Есть книги, которые запоминаются вместе с материальными условиями чтения: сколько чтение заняло, время года, цвет обложки. Зачастую книга запоминается именно благодаря этим материальным условиям, но иногда – наоборот. Я уверена, что мои воспоминания о том дне – запах дождя и печеного шоколада, унылая квартира с ее надувной кроватью, раздвижная стеклянная дверь, через которую видны мокрые пальмы и парковка у супермаркета «Сэйфвэй», – обусловлены дневником Бабеля, драгоценным и полуутраченным.
Дневник начинается с пятьдесят пятой страницы – предыдущие пятьдесят четыре Бабель потерял. Через три дня отсутствует еще двадцать одна страница, а это целый месяц. «Спал плохо, думаю о рукописях, – пишет Бабель. – Тоска, упадок энергии; знаю, что превозмогу, когда это будет?» В следующие несколько дней, несмотря на усилия, все вокруг напоминает ему об утерянных страницах: «Крестьянин (Парфентий Мельник, тот самый, что служил на военной службе в Елисаветполе) жалуется, что лошадь распухла от молока, забрали от жеребенка, тоска, рукописи, рукописи…»

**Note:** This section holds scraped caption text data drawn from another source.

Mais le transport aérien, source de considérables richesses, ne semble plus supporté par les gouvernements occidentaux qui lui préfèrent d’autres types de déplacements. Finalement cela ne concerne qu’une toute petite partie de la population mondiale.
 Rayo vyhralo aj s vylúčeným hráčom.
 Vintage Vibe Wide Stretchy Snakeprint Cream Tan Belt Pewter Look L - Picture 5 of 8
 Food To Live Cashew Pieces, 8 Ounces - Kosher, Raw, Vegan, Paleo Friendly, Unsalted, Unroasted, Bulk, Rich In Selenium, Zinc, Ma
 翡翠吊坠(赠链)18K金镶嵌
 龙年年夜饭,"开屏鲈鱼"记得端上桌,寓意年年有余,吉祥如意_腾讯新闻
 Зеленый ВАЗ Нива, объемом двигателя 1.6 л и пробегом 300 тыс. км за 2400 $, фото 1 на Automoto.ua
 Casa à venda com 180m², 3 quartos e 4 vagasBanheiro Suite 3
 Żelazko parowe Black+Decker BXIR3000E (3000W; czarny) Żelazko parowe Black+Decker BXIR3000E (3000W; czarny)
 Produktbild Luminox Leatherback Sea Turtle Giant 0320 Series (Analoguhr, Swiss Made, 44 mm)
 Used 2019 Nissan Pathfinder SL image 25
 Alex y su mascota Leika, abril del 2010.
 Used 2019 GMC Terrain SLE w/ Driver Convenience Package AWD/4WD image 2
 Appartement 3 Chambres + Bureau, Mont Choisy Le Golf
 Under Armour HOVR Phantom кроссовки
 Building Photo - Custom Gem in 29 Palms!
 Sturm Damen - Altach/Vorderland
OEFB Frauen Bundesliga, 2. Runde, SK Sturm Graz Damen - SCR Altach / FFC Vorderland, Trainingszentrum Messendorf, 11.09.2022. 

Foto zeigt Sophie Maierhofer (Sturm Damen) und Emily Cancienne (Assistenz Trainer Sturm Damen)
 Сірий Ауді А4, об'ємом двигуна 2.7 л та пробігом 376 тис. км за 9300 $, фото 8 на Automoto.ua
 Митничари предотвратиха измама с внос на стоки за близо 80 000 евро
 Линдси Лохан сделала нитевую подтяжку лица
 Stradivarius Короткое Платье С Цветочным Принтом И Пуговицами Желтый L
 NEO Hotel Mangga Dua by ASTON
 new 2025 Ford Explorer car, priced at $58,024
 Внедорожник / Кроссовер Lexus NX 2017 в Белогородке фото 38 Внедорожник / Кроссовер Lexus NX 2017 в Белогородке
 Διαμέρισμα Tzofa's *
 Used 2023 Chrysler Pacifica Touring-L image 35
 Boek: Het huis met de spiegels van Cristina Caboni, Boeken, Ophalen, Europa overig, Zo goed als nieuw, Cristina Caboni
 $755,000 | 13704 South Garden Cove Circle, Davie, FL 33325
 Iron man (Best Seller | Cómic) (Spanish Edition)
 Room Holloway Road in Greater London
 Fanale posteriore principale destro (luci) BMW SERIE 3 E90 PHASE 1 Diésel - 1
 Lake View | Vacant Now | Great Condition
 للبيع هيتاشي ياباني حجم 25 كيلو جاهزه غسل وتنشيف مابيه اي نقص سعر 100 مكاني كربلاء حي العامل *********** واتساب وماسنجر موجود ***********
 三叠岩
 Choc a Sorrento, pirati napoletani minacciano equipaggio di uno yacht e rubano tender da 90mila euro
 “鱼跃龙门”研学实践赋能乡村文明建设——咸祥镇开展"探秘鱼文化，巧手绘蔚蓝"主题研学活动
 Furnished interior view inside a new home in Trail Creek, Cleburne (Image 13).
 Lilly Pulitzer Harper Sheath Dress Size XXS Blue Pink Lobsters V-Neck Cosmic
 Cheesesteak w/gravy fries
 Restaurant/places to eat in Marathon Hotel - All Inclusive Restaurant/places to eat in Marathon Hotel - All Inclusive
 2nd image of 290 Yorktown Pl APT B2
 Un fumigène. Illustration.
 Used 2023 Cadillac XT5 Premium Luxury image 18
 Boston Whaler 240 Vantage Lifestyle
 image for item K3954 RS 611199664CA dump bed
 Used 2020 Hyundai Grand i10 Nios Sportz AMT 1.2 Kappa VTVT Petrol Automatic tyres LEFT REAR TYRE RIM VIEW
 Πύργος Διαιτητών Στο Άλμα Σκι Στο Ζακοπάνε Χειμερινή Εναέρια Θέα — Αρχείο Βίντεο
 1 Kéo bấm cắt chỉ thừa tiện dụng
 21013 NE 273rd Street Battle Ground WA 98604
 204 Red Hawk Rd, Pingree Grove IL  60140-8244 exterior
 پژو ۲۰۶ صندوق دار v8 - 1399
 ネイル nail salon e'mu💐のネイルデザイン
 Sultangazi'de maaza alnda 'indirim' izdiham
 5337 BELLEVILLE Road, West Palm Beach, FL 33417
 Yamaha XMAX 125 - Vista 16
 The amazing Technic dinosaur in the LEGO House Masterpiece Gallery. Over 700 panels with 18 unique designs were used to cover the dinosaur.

Этот дневник – не о войне, а о писателе на войне, о писателе, взахлеб вкушающем войну как источник материала. Виктор Шкловский, который изобрел теорию о том, что литературный материал всегда вторичен по отношению к литературной форме, был большим поклонником Бабеля. «У него не было отчуждения от жизни. Но мне казалось, что Бабель, ложась спать, подписывает прожитый им день, как рассказ». У Бабеля не было отчуждения от жизни – напротив, он к ней стремился, – но он был неспособен воспринимать ее иначе как материал для литературы.